The navigation said I wasn't going to make it back home and wanted to add a charging stop, but I made it back with 9%. I was targeting 10% arrival, so I was close. The recorded mileage was also slightly less than what Google Maps got, that's probably nominal. There is also an efficiency discrepancy with the "This Trip" screen for some reason. I get 2.2 mi/kWh from the raw battery data but the screen said my trip was 1.9 mi/kWh. Not sure what's up with that. The overall efficiency and range performance was about what I expect for these temps (getting about half of the EPA rated range). With a full battery my actual range would be less than 150 miles with the extended pack.

Findings:
  • The heater was pegged at maximum output the entire drive (about 5.4 kW)
  • The battery was never heated the entire drive
  • The battery didn't really warm up while driving (except from regen), it actually got a couple degrees colder on the interstate.
  • Regen limit with a freezing battery was astonishingly high at 75 kW!
  • Significant cell temperature variations can occur in the pack after driving, this is also not very desirable.
  • The HVAC system closes the fresh air damper periodically to increase heat, but the cabin humidity spikes and windows fog.
  • Initial humidity in the car can be an issue, it took about 30 minutes for the cabin to dry out.
  • Cabin temperature was very slow to rise, takes at least 30 minutes for the cabin to warm to an acceptable temperature with no preheat.
  • The navigation estimate for arrival percentage is off, about 10% error in the conservative direction.
  • The efficiency calculated by the trip computer does not match the energy used data from the pack (1.9 vs. 2.2 mi/kWh).
  • The actual range and efficiency is about what I would expect in sub-zero temps.
  • The trip mileage is slightly low compared to Google Maps.
Conclusions:
  • The cabin heat is pretty much at its limit around 0ºF. Window fogging and cabin comfort will likely go downhill from here as it gets colder.
  • Wet feet and/or snow on the floor mats will increase fogging considerably.
  • The new HVAC calibration helps improve heat but is still a bit chilly when below 0ºF.
  • Trying to use recirc is out of the question at these temps, the windows will fog up almost immediately.

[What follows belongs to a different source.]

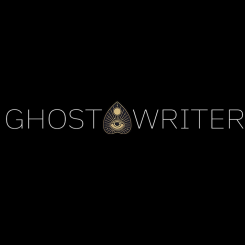 Ghost Writer System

  • I'm very concerned about the regen limit being so high with a cold pack. This could permanently damage it. Tesla does not allow virtually any regen at the same battery temps. It should be limited to 20 kW or less with a freezing pack IMO.
  • Preconditioning to warm up the battery is highly recommended to prevent pack damage during regen.
  • The trip computer and navigation seem to contain moderate errors in the conservative direction.
I plan on repeating the same trip after Preconditioning to see the difference.
That’s about what I am getting here in Montana range wise right now with preconditioning. I am a little less, but I run studded tires in the winter. I am curious how that will change when our high is -23F this week. I know this sounds weird, but if my hair is wet in the mornings, it will fog my windows?.